Janus structure design of polyimide composite foam for absorption-dominated EMI shielding and thermal insulation

Abstract

In the present work, by virtue of the synergistic and independent effects of Janus structure, an asymmetric nickel-chain/multiwall carbon nanotube/polyimide (Ni/MWCNTs/PI) composite foam with absorption-dominated electromagnetic interference (EMI) shielding and thermal insulation performances was successfully fabricated through an ordered casting and directional freeze-drying strategy.
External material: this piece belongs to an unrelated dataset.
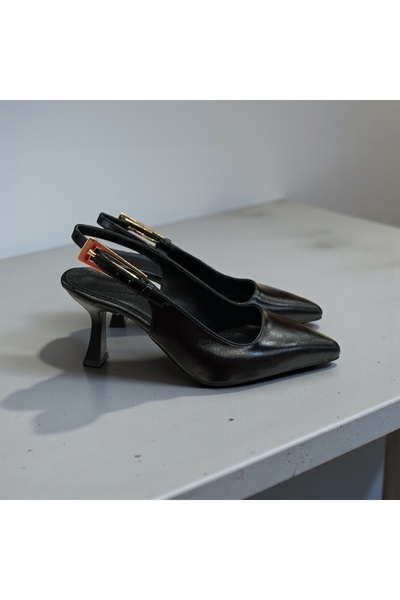 runa shoes Open Back Stiletto Gold Belt Detail Heeled Shoes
Water-soluble polyamic acid (PAA) was chosen to match the oriented freeze-drying method to acquire oriented pores, and the thermal imidization process from PAA to PI exactly eliminated the interface of the multilayered structure. By controlling the electro-magnetic gradient and propagation path of the incident microwaves in the MWCNT/PI and Ni/PI layers, the PI composite foam exhibited an efficient EMI SE of 55.8 dB in the X-band with extremely low reflection characteristics (R=0.22). The asymmetric conductive network also greatly preserved the thermal insulation properties of PI. The thermal conductivity (TC) of the Ni/MWCNT/PI composite foam was as low as 0.032 W/(m K). In addition, owing to the elimination of MWCNT/PI and Ni/PI interfaces during the thermal imidization process, the composite foam showed satisfactory compressive strength. The fabricated PI composite foam could provide reliable electromagnetic protection in complex applications and withstand high temperatures, which has great potential in cutting-edge applications such as advanced aircraft.